A esta primera generación se unió en el siglo XVII una segunda oleada de aficionados a estos temas de las antigüedades y el estudio del pasado. El primero de ellos fue el escritor e historiador jesuita Pedro Díaz de Rivas (1587-1653), quien heredó el gusto por la historia de su tío, el célebre erudito Martín de Roa. Amigo personal de Góngora, Se especializó en epígrafes y monedas de la Bética antigua y adquirió parte de los fondos que Fernández Franco había acumulado tras su muerte. Uno de sus grandes méritos es que intentó escribir una historia general de Córdoba. Aunque sólo tuvo tiempo de escribir el primer volumen de los cinco que pretendía, dejó en ese libro testimonio de muchas de las epigrafías latinas encontradas décadas antes por Ambrosio de Morales y Fernández Franco.

La lista se completa con otros dos nombres destacados: el estudioso malagueño afincado en Córdoba Bernardo de Alderete (1565-1641) y el escritor y médico cordobés Enrique Vaca de Alfaro (1592-1620).
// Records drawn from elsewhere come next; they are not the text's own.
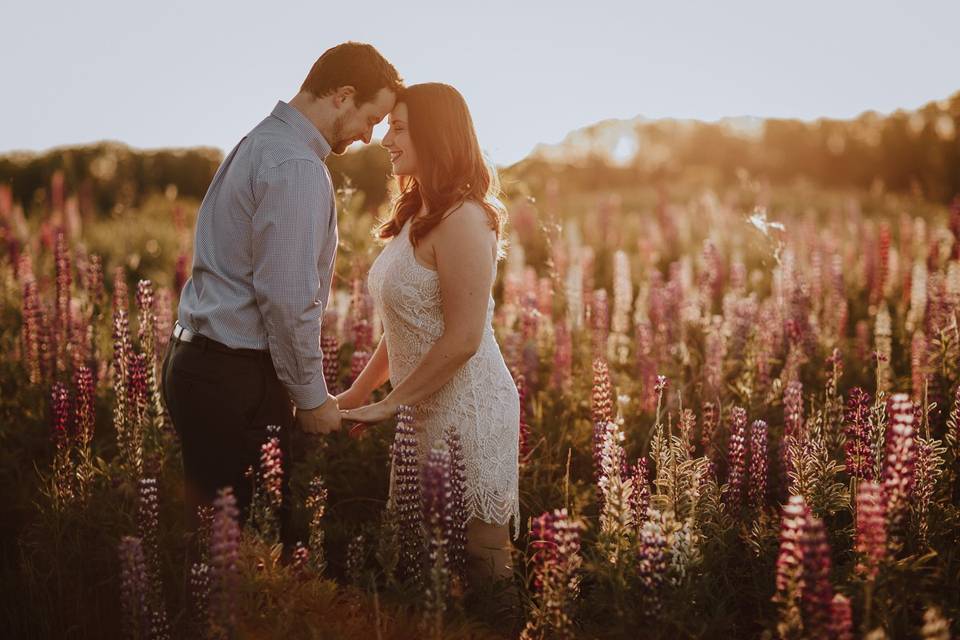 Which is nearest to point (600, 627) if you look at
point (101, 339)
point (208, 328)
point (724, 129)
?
point (208, 328)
Alderete, que fue canónigo de la Catedral, ha pasado a la historia por su tratado sobre el origen de la lengua española, pero a lo largo de su vida también tuvo una gran inclinación por las antigüedades, lo que se tradujo en otro libro que dedicó a interpretar algunas de las piezas de su colección.

Logros

Finalmente, Vaca de Alfaro fue uno de los grandes poetas de la época y heredero de una larga saga de escritores vinculados a la medicina y el arte. De hecho, su padre y su abuelo habían escrito y su hermano era el pintor Juan de Alfaro, uno de los alumnos favoritos de Diego de Velázquez. Vaca de Alfaro, que vivió en la casa familiar que existía en la plaza que hoy lleva su nombre, acumuló una fascinante biblioteca. El escritor dejó también numerosas epigrafías y traducciones, ya que pudo trabajar con los fondos que había acumulado en las décadas anteriores Fernández Franco y Díaz de Rivas.
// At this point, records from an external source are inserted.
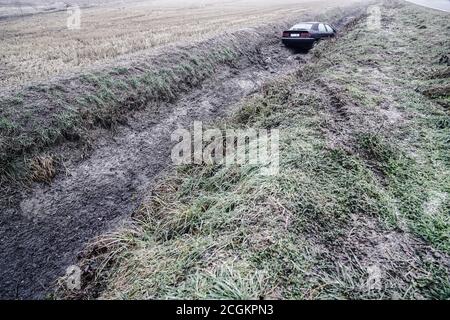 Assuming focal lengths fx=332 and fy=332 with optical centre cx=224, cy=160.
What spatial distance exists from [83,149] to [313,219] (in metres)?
5.22

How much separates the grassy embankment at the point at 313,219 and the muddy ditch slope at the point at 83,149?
0.86 meters

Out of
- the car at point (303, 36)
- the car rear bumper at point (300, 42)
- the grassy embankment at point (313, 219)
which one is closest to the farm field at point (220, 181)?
the grassy embankment at point (313, 219)

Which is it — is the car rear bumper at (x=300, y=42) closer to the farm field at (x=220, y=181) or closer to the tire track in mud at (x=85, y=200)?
the farm field at (x=220, y=181)

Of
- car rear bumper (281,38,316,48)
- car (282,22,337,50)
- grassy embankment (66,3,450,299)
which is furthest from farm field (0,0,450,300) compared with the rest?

Esta gran tradición de eruditos comenzaría a desvanecerse en la segunda mitad del siglo XVI, y si recobró cierto vigor fue ya en el siglo XVII y bajo otros formatos debido al cambio de época. De lo que no hay duda es que estos personajes fueron el antecedente lejano de la gran revolución arqueológica que Córdoba Ha vivido en el último siglo e intelectuales claves en el avance no sólo del conocimiento del pasado sino también de la conciencia de dar valor y proteger los vestigios y sigue siendo un elemento fundamental para la investigación. De esos locos edad de oro Los arqueólogos de hoy atraviesan algo que los une: el poderoso amor por la historia y los testimonios de ayer.